= Sylvia McNeill =

English musician (born 1947)

Sylvia McNeill (born 5 August 1947, Harrogate, North Yorkshire, England) is a British pop and rock singer and songwriter.

She began her career singing and playing bass guitar with various groups and bands. She went abroad for several years, touring American bases on the continent. In 1969, she moved to London; since then she has appeared as a soloist in cabaret through the UK and as a band with husband/guitarist Mike McNeill and son, drummer Mark McNeill.

As well as a bass player for Leapy Lee, she recorded as a solo vocalist from 1968 to 1975, including RCA, Bell, and United Artists labels. McNeill recorded such titles as "That's Alright By Me" (composer Richard Kerr), "Ugly Man" (composer Jim Ford), "Chelsea Morning" (composer Joni Mitchell), "Be My Friend" (originally by Free), "A Whiter Shade Of Pale" (originally by Procol Harum) and "I Don't Know How To Love Him" (composers Andrew Lloyd Webber and Tim Rice). The latter was released on 11 August 1972, as by Sylvie McNeill, in time for the first UK stage musical of Jesus Christ Superstar; she had performed it on The Benny Hill Show (original air date: 23 February 1972). Her producers included Kenny Young, Jack Good, Tony Hall, Tony Macaulay, and Ed Welch.
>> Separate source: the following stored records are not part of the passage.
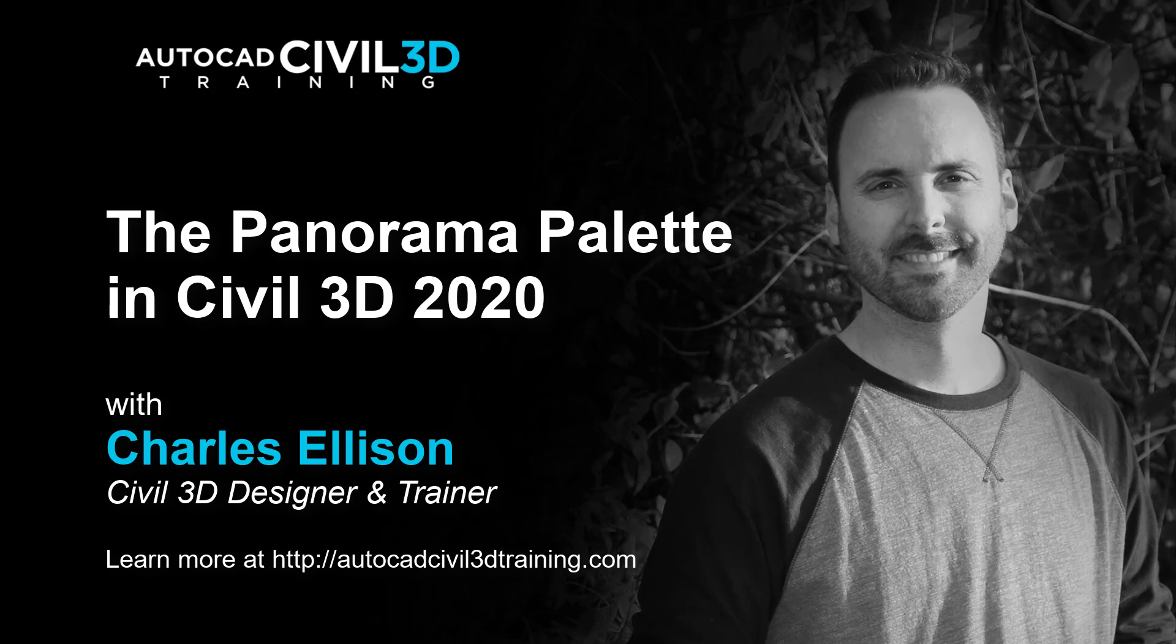Hi, I'm Charles Ellison, Civil 3D Designer and Trainer at AutoCADCIVIL3DTraining.com. Today we'll be looking at how to use the Panorama Palette in Civil 3D 2020.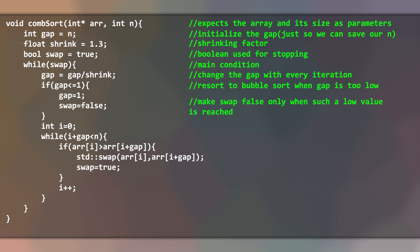We always start iterating from the beginning of the array and make sure that it doesn't escape the boundaries.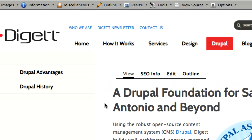The Weight menu allows you to control in what order your subpages are sorted. The more a page weighs, or the higher the number, the lower to the bottom of the list it will be. In this case, we want Drupal Advantages to be higher in the menu than Drupal History. The History page has been weighted zero by default, so we need to give Drupal Advantages a less weighty or smaller number — in this case, negative one.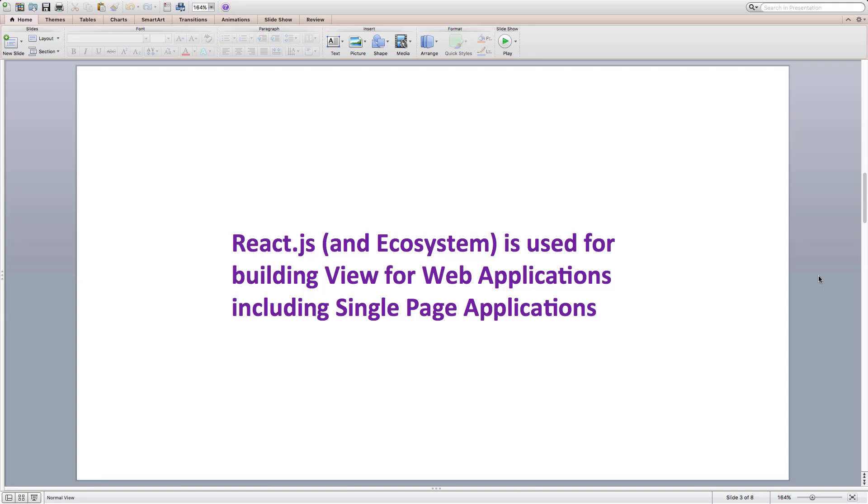In this course, we will see how we can use React.js ecosystem which comprises of routing, development tools, state management libraries, etc., to build single page web applications.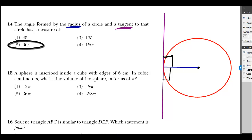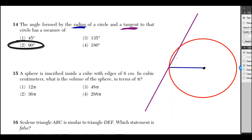Now, if I make that angle smaller on the top side and bigger on the bottom side, then clearly it's no longer a tangent. In fact, it hits the circle at two different points. So now it would be a secant.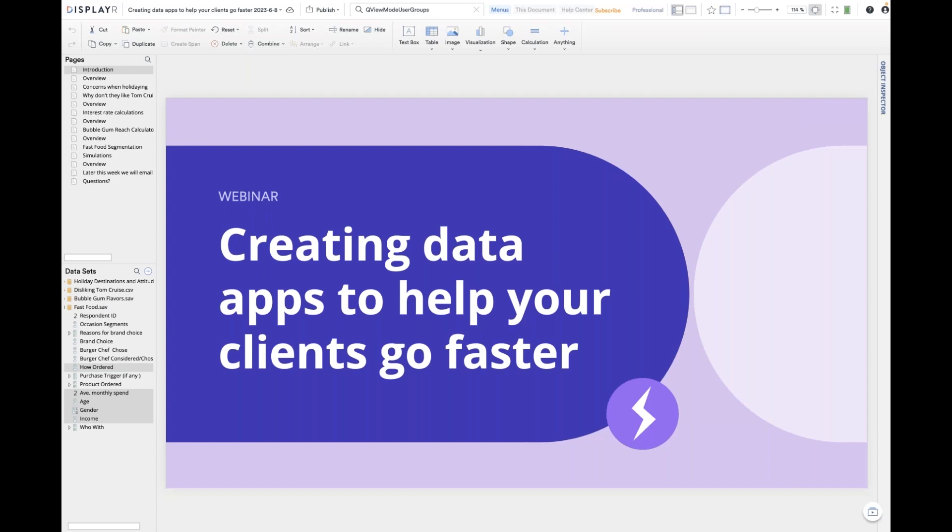Thank you for joining this webinar. A modern way of reporting is to create data apps — tools that allow stakeholders to explore interesting analyses on their own. It allows them to both self-service and get faster results, so it's a win-win for all. I'm demonstrating Displayr, which is designed for creating and sharing data stories, and data apps are one way you can share a data story.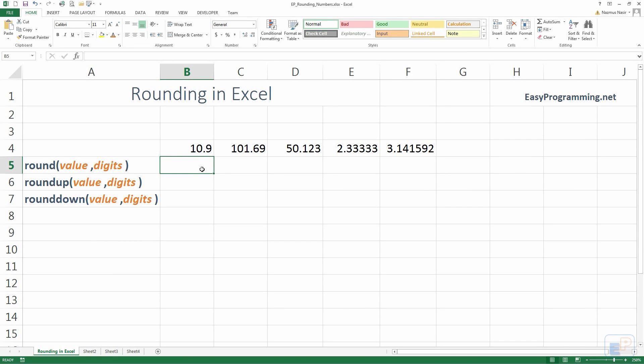Hello everyone, welcome to the 12th Easy Excel Tutorial part of EasyProgramming.net. Today I want to show you something very simple in a few minutes. It's rounding in Excel.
She recorded and toured with the band ZAC.

In one 18-month period, McNeill made over 30 appearances on television, including The Benny Hill Show, The Dave Allen Show, The Morecambe & Wise Show, The Simon Dee Show, The Dick Emery Show, Roger Whittaker's World Of Music, The Golden Shot, Anglia Television's Glamour '70 series (the search for Miss Anglia 1970, Heat 7 - staged in Grimsby, England), Ulster TV and her own eight-week series for Grampian Television.

In addition to her own recordings, she sang on the track "Anne Boleyn/The Day Thou Gavest Lord Hath Ended" for keyboardist Rick Wakeman's 1973 album, The Six Wives of Henry VIII, and was session backing singer for Rod Stewart on his 1972 recording of "What's Made Milwaukee Famous (Has Made a Loser Out of Me)".

In 1971, she acted in Emil Dean Zoghby and Ray Pohlman's musical, Catch My Soul, at the Prince of Wales Theatre in London, England with Lance LeGault, Lon Satton, Sharon Gurney, and Malcolm Rennie in the cast. This rock musical was produced by Jack Good and directed by Braham Murray and Michael Elliott.